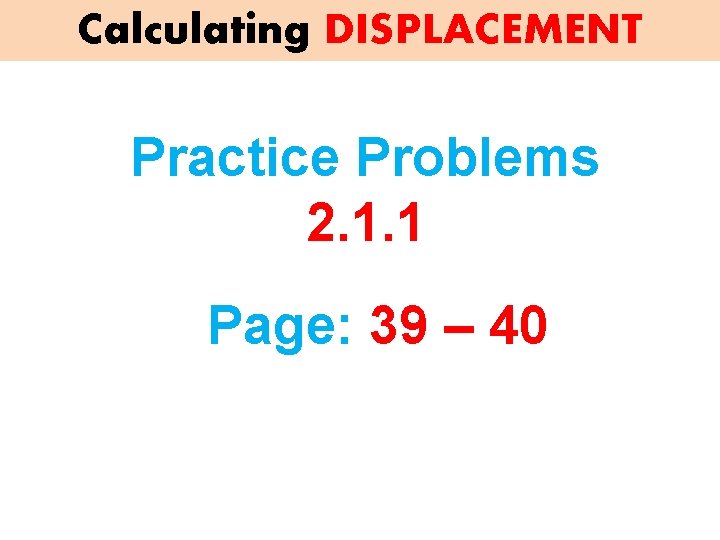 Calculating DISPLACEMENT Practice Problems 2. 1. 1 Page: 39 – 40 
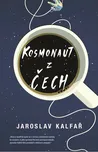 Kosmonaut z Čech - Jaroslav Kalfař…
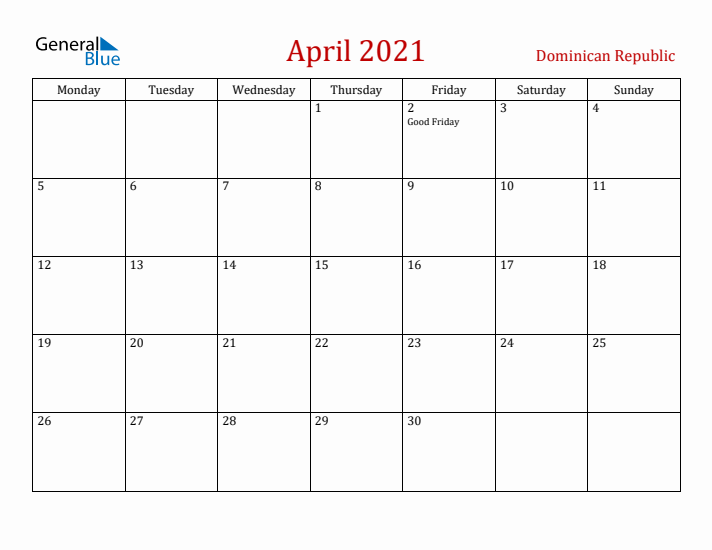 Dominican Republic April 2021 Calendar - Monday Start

=-=-=

To do: Repeat exactly the lines from the one containing "Kosmonaut z Čech - Jaroslav Kalfař…" to the last line of the data above, both included, and write no pictures into the copy.

Result of this exercise:
 Kosmonaut z Čech - Jaroslav Kalfař…
 Dominican Republic April 2021 Calendar - Monday Start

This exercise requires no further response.